Somers consistently suggests the root of Cora’s problem: she has such cutting wit, but a profound lack of happiness. Regarding an intimate picture from Sam, Cora complains, “he has clenched his abs and ensured he was aroused, but has not cleared the frame of Crocs”. Given that the catalyst that killed their fun was parenthood, one worries about what these idiots are doing to their children. As her daughter inquires about sex, the adults fumble. They begin with procreation then concede that sex serves other purposes. Eliot mentions a penis then concedes that one isn’t required. Ultimately, he settles for, “you're aware of private parts?”

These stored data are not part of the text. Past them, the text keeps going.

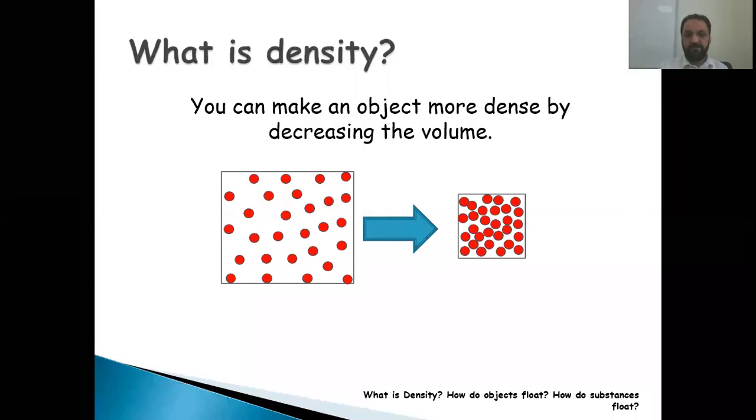Good morning everyone. Today we are going to discuss a new lesson that is about density.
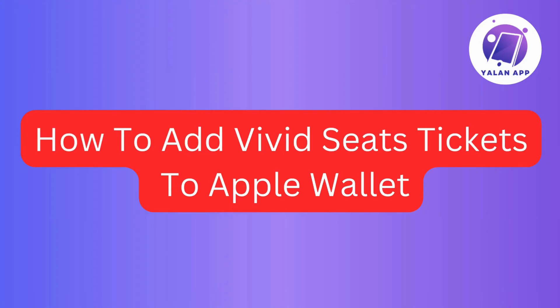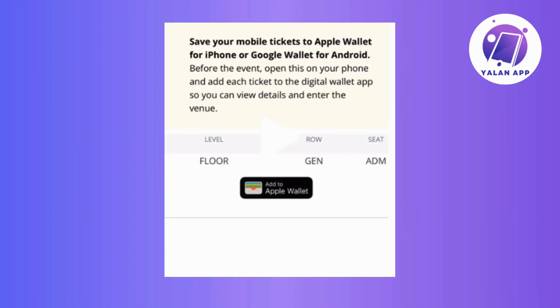Adding your Vivid Seats tickets to Apple Wallet is a quick and straightforward process. In this video, I will guide you through each step, making it easy for you to access your tickets conveniently on your Apple device. So without further ado, let's get started.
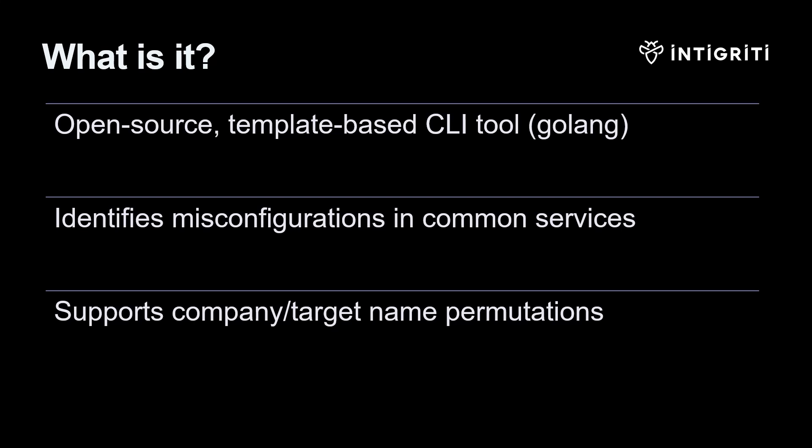In this video, we're going to take a look at a new tool called Misconfig Mapper, which was developed by Blackbird for Intigriti. It's an open source template-based tool written in Golang, and the goal is to identify misconfigurations in common services.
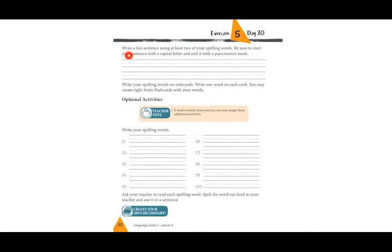The last thing we're going to do together: write a fun sentence using at least two of your spelling words. Start with a capital letter and end with a punctuation mark. Here is an example: 'Let the baby sleep.' The spelling words are 'baby' and 'sleep.' I have a punctuation mark and a capital letter. Now find two other words from the previous page and write your own sentence.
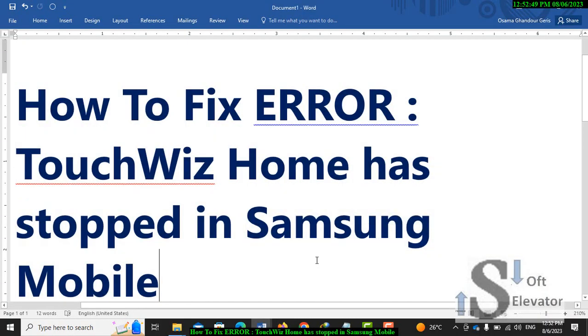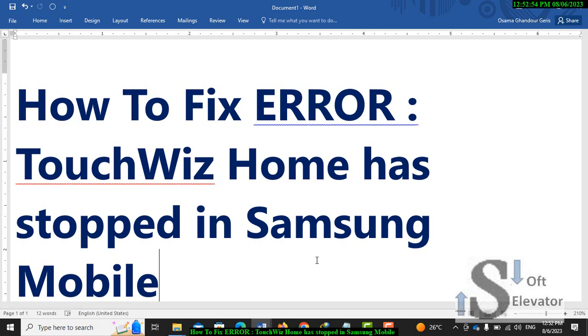How to fix error TouchWiz Home has stopped in Samsung mobile. Before we go to this video, please subscribe to the channel to receive new videos and hacks for fixing errors, computer, and programming.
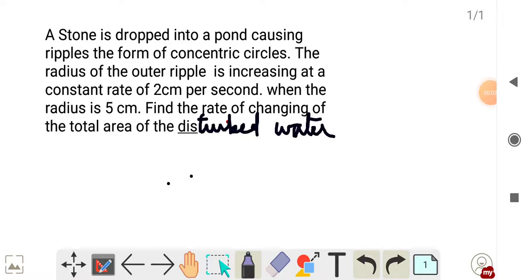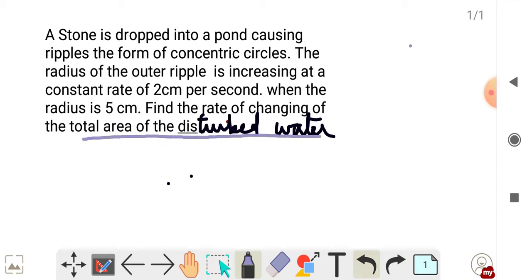Exercise 1.1, 6th problem. A stone is dropped into a pond causing ripples in the form of concentric circles. The radius of the outer ripple is increasing at a constant rate of 2 cm per second. When the radius is 5 cm, find the rate of change of the total area of the disturbed water.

Underpinning the narrative flows a quiet theme of familiar middle-age questions: do our lives have meaning? Where do we go after death? These themes are more explicit in Cora's internal dialogues. Considering these passages, one wonders what moral Cora and her cynical lot would take from their unsatisfying escapades. Would Cora grow more open to life’s flawed pleasures, its sentimental delights? Upon being questioned by Eliot about her affair during an audio program on bondage, Cora thinks “every serious exchange is compromised by specific context”. Others could argue it's enriched. Yet that is not her nature, and the author refuses to grant the protagonist easy revelations, or force growth beyond her capacity.

An Ultimate Assessment

The result is an incisive, uproariously funny, finely observed novel, written with devastating precision. It is profoundly self-aware, economical yet rich with implication: a depiction of a worried, self-protective cohort entering midlife, perpetually self-conscious, simultaneously terrified of and hungry for intense experience. Or maybe that’s just the New Yorkers. For the sake of argument, we'll assume so.

Tara Morris
Tara Morris

A gaming technology analyst with over a decade of experience in slot machine development and industry trends.